Além disso, Moraes apontou que, caso não tenha havido autorização para o uso da imagem e da voz do ex-presidente, a utilização da inteligência artificial poderá ter implicações na esfera eleitoral e ser enquadrada como divulgação de deep fake, caracterizada pela criação de conteúdo artificial para associar voz ou imagem a candidato sem autorização. A divulgação desse tipo de conteúdo foi proibida pelo Tribunal Superior Eleitoral (TSE).
Na manifestação encaminhada ao STF, os advogados afirmaram que Flávio Bolsonaro foi impedido de visitar o pai após divulgar uma carta nas redes sociais.

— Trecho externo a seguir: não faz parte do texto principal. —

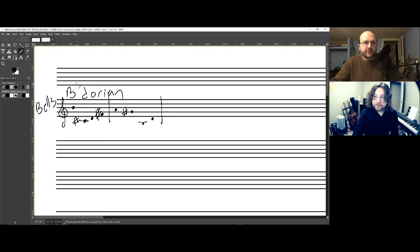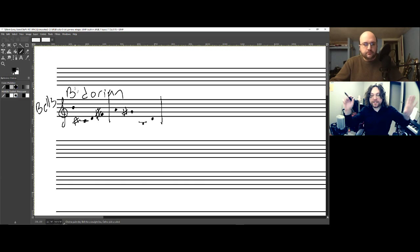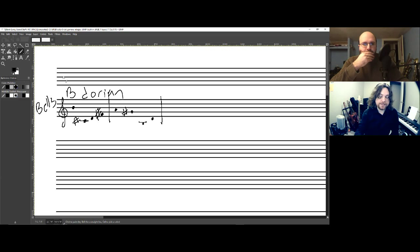Just to be clear, B Dorian because it's minor-ish with the D natural, and it's got a raised sixth with the G sharp — raised sixth from minor. Right, yeah, so this is definitely B Dorian. We can agree on that. This abstracted from the song is B Dorian. So you say A possibly as an answer, and there are two reasons that's really interesting.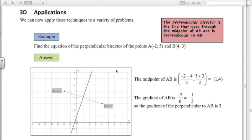Hi everyone, this is the fourth video on coordinate geometry, coordinate geometry 4 in chapter 3. This is the last one. We're going to look at four application problems here, just four examples of how these coordinate geometry techniques that we've been using come up in the exam and what they look like, the kind of questions you might get.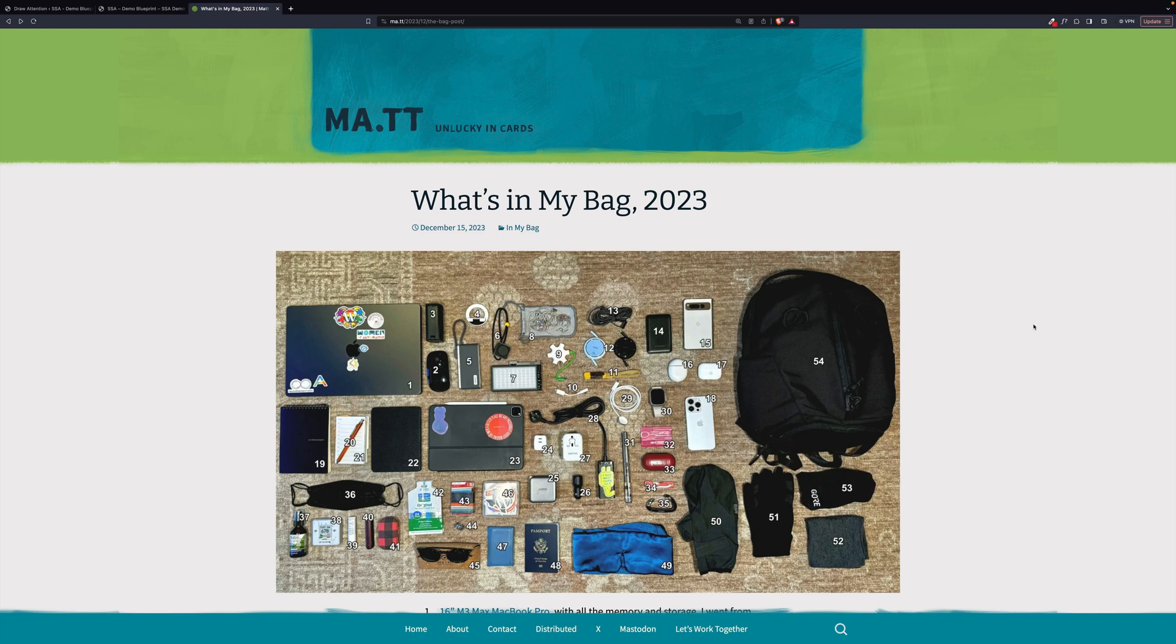Hey, welcome. I'm going to show you how to make a what's in my bag style post using Draw Attention. In this video, it's going to be what's in Matt's bag.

Segundo a defesa, essa circunstância impossibilitaria que o ex-presidente tivesse autorizado a produção do vídeo por meio de inteligência artificial.
“O peticionário encontra-se com o direito de visitas suspenso pelo prazo de trinta dias, enquanto seu filho Flávio Nantes Bolsonaro permanece impedido de visitá-lo pelo prazo de noventa dias, circunstância que, por si só, evidencia a inexistência de qualquer contato destinado à obtenção de autorização específica para a elaboração do referido material”, argumentou a defesa.
Os advogados também destacaram que os filhos de Bolsonaro utilizam a imagem do ex-presidente em atividades político-partidárias há anos, inclusive antes das restrições impostas por Alexandre de Moraes.
“Seus filhos sempre utilizaram sua imagem pública no âmbito da atividade político-partidária, reproduzindo fotografias, gravações, pronunciamentos, discursos, entrevistas e demais manifestações públicas, prática notória, contínua e jamais objeto de qualquer oposição por parte do titular desse direito”, completou a defesa.